Added spdk_thread_has_pollers() function to verify if there are any registered
pollers to be run on the thread. Added spdk_thread_is_idle() function to check
if there are any scheduled operations to be performed on the thread at given
time.

spdk_thread_create() now takes an optional CPU affinity mask that is passed to
the scheduler.

spdk_thread_lib_init() now takes an optional context size. For each thread
created, an additional region of memory of this size will be allocated. A
pointer to this region of memory can be obtained by calling
spdk_thread_get_ctx(). The inverse operation is also available via
spdk_thread_get_from_ctx().

spdk_thread_poll() now optionally accepts the current time, in ticks. This can
be used to avoid some calls to spdk_get_ticks() internally.

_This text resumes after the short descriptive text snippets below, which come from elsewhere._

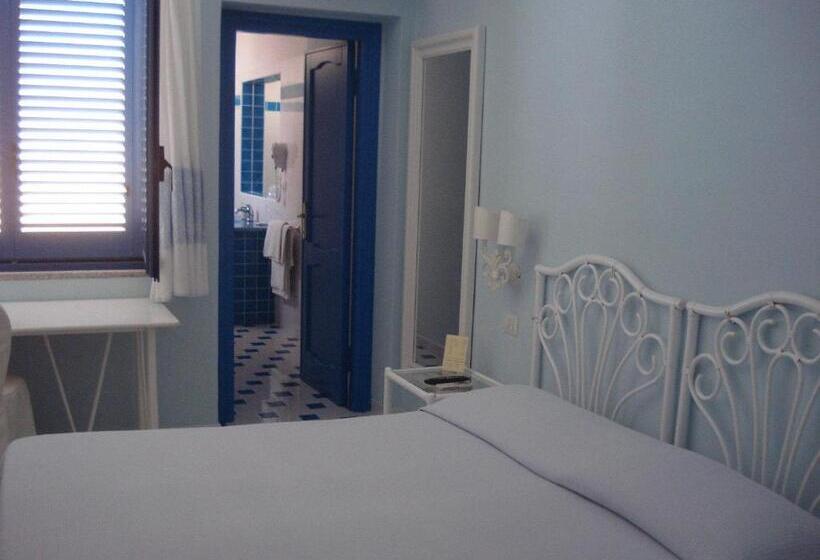 Отель La Lampara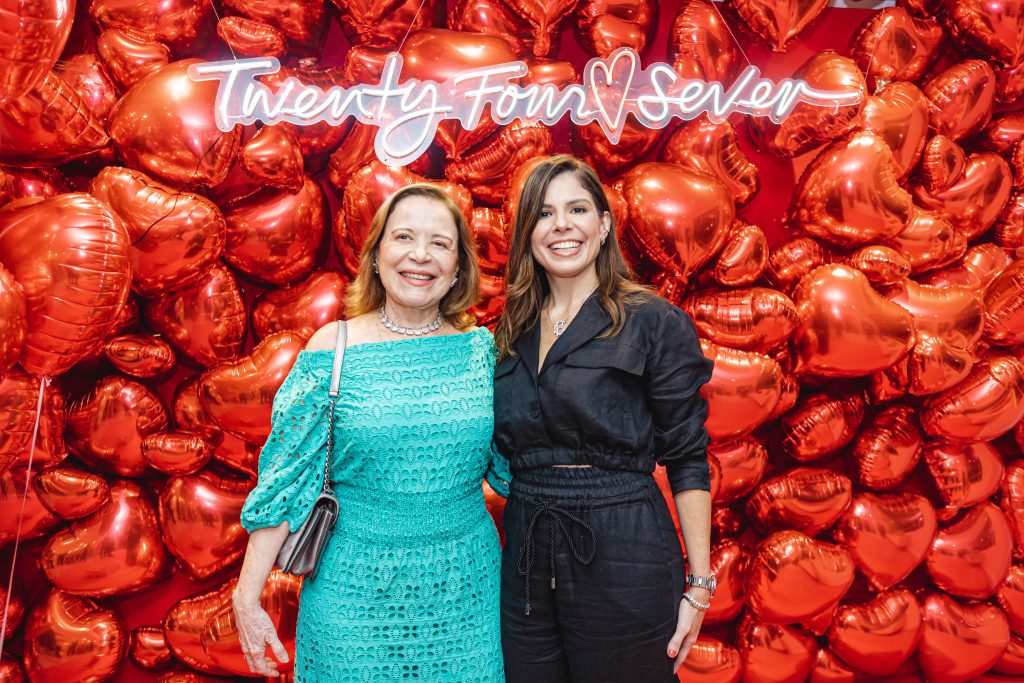Angela Cunha E Carol Bezerra
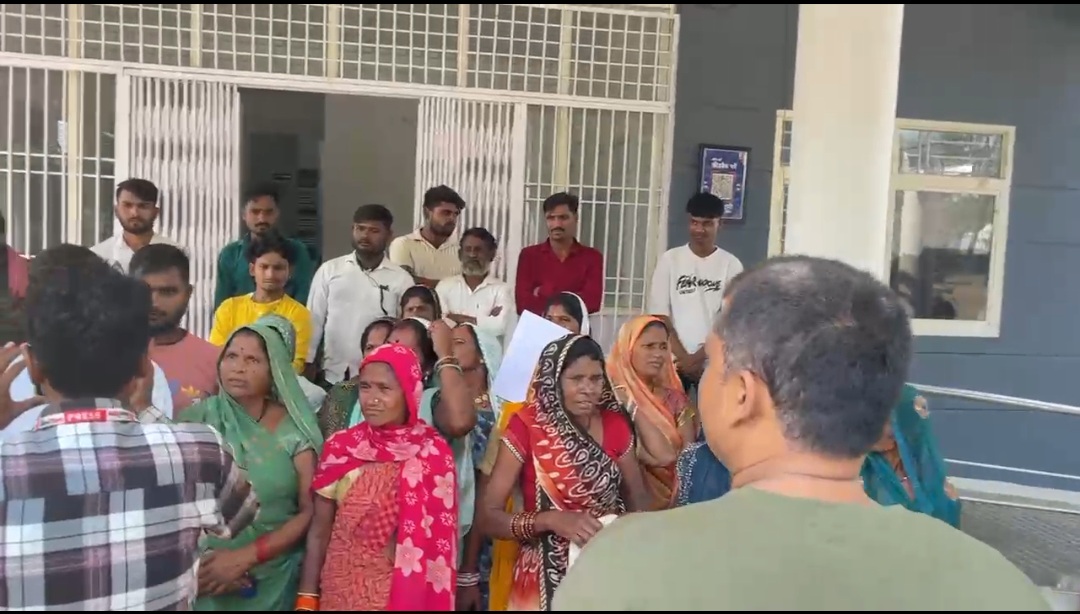 *💥पथरहटा में अवैध शराब के खिलाफ युवा शक्ति का जोरदार प्रदर्शन, सूरज सेन पर ग्रामीणों ने लगाए आरोप💥*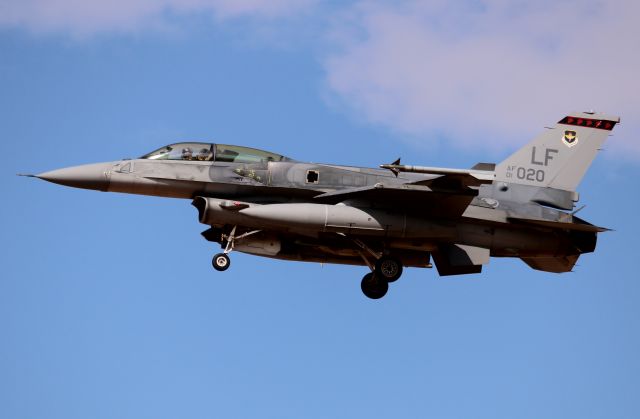 Lockheed F-16 Fighting Falcon (01-6020)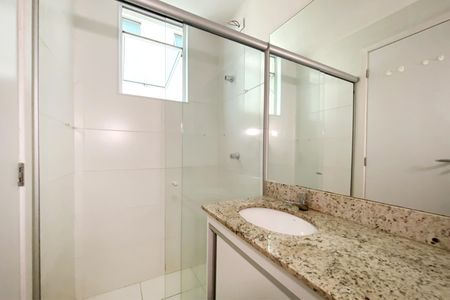 Apartamento à venda com 80m², 3 quartos e 2 vagas Apartamento à venda com 80m², 3 quartos e 2 vagasBanheiro da Suíte 1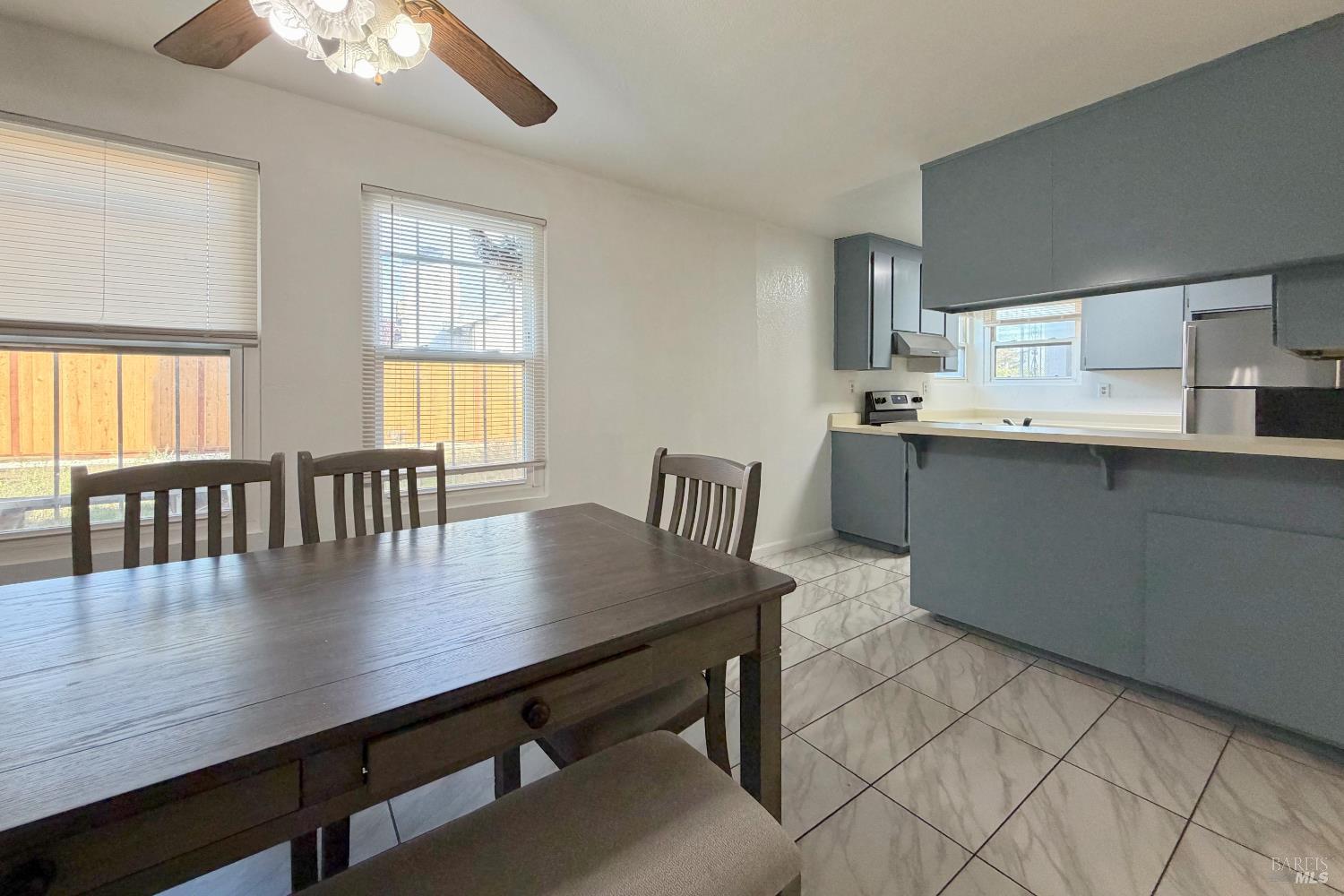 Detail Gallery Image 12 of 31 For 2725 Teton Ln, Fairfield,  CA 94533 - 2 Beds | 2/1 Baths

spdk_app_start() now only accepts a single context argument.

bdev

An new API spdk_bdev_get_data_block_size has been added to get size of data
block except for metadata.

spdk_vbdev_register() has been deprecated. spdk_bdev_register() should be used
instead.

A mechanism for acquiring and releasing data buffers from bdev modules, used
to perform zero copy operations, was added.

New APIs spdk_bdev_get_md_size(), spdk_bdev_is_md_interleaved(), spdk_bdev_get_dif_type(),
spdk_bdev_is_dif_head_of_md(), and spdk_bdev_is_dif_check_enabled() have been
added to get metadata and DIF settings.

Bdevs claimed by the examine_config callback will be now further examined in the
examine_disk callback.

spdk_bdev_io_get_io_channel() was added as a convenient way to get an io_channel
from a bdev_io.

NVMe-oF Target

Support for per-device shared receive queues in the RDMA transport has been added.
It is enabled by default for any device that supports it.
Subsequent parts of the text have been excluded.